● DATA PROVIDED
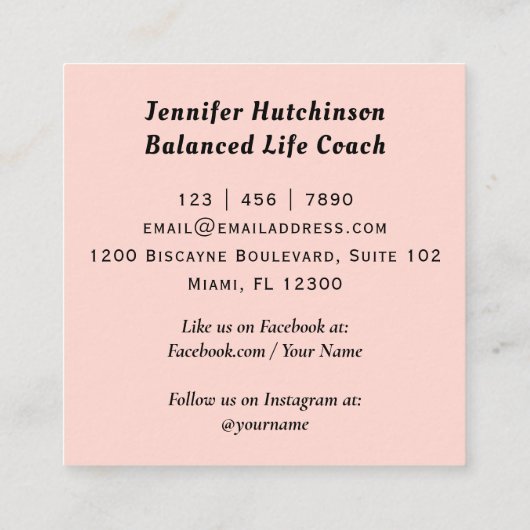 バランスの取れた生活コーチウェルネス スクエア名刺 (裏面)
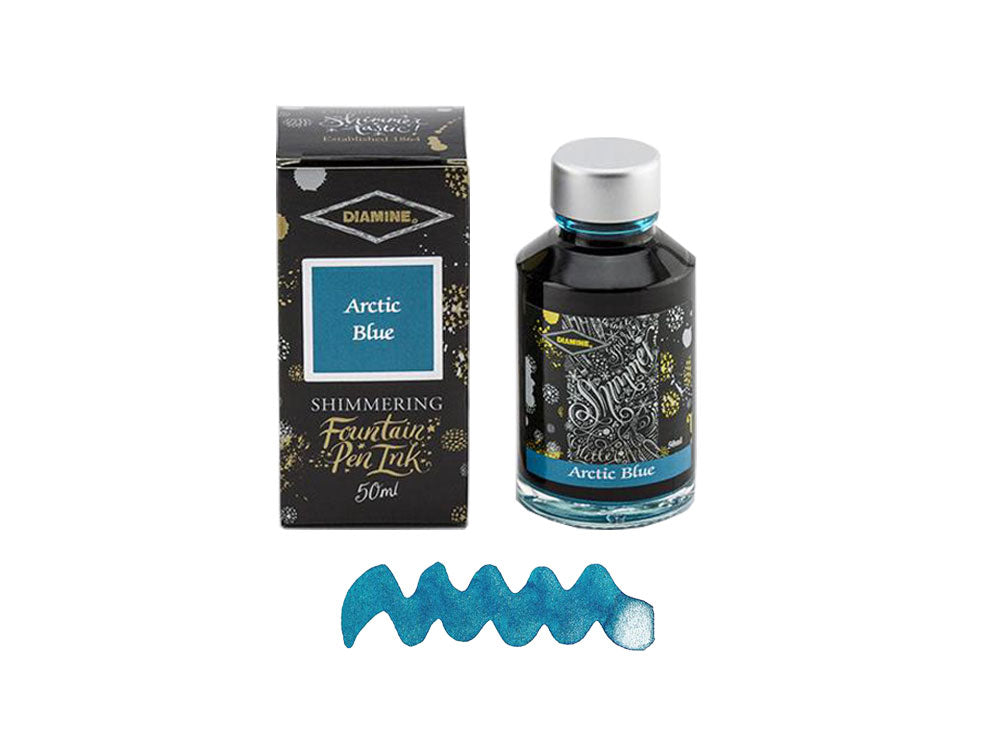 Diamine Shimmering Arctic Blue Tintenfass, 50ml., Glass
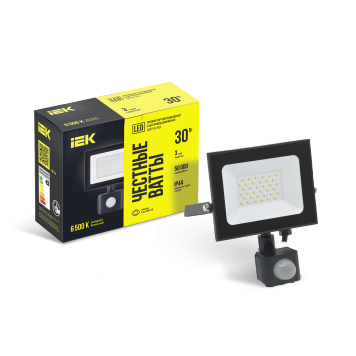 Прожектор СДО 06-30Д светодиодный черный с ДД IP54 6500K IEK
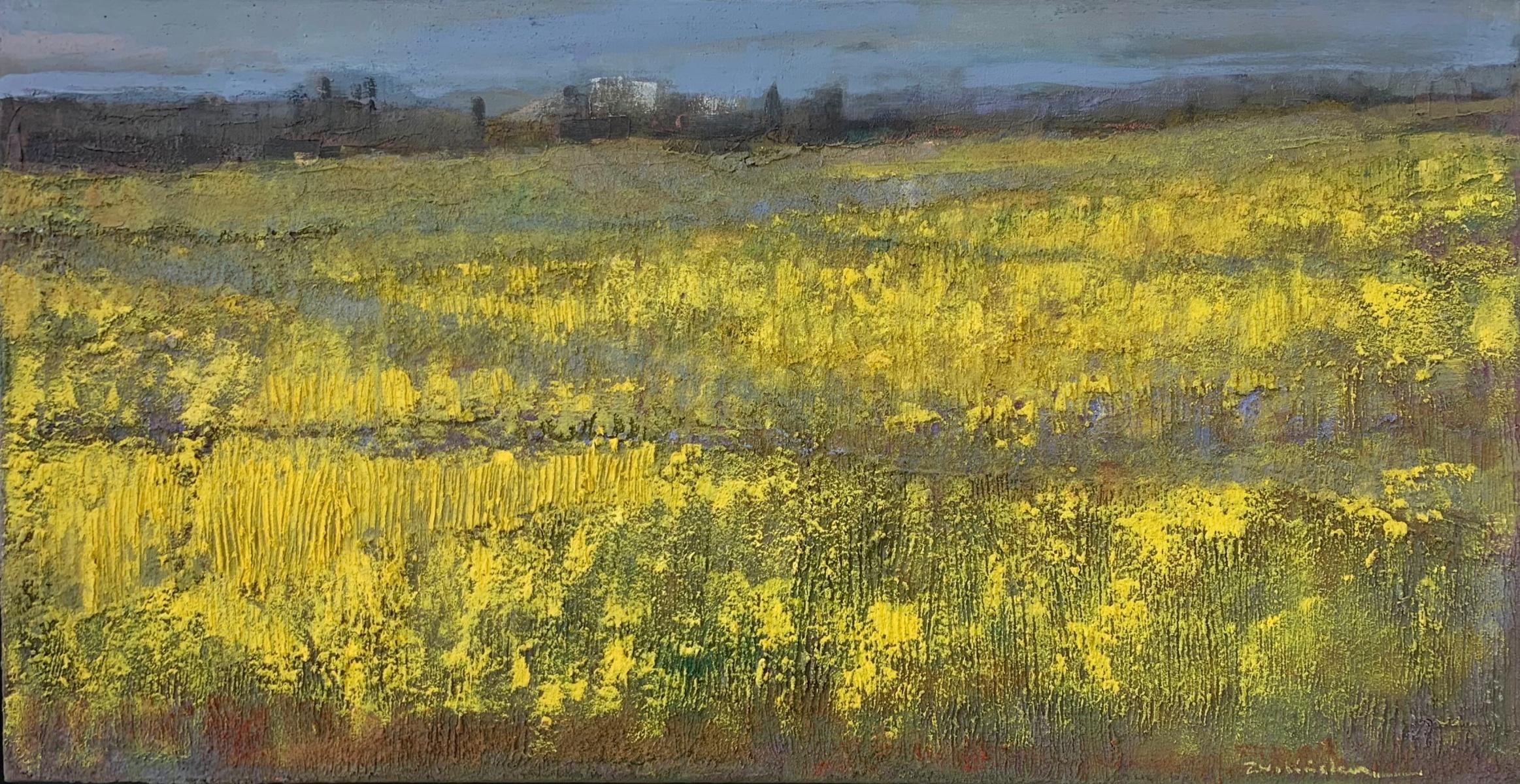 Katarzyna Zwolińska Still-Life Painting – Oblęgorek III. Zeitgenössische Landschaftsmalerei, Textur, polnische Kunst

● YOUR OBJECTIVE
What you return should be the whole listing, word for word, without its pictures.

● PROBLEM SOLUTION
 バランスの取れた生活コーチウェルネス スクエア名刺 (裏面)
 Diamine Shimmering Arctic Blue Tintenfass, 50ml., Glass
 Прожектор СДО 06-30Д светодиодный черный с ДД IP54 6500K IEK
 Katarzyna Zwolińska Still-Life Painting – Oblęgorek III. Zeitgenössische Landschaftsmalerei, Textur, polnische Kunst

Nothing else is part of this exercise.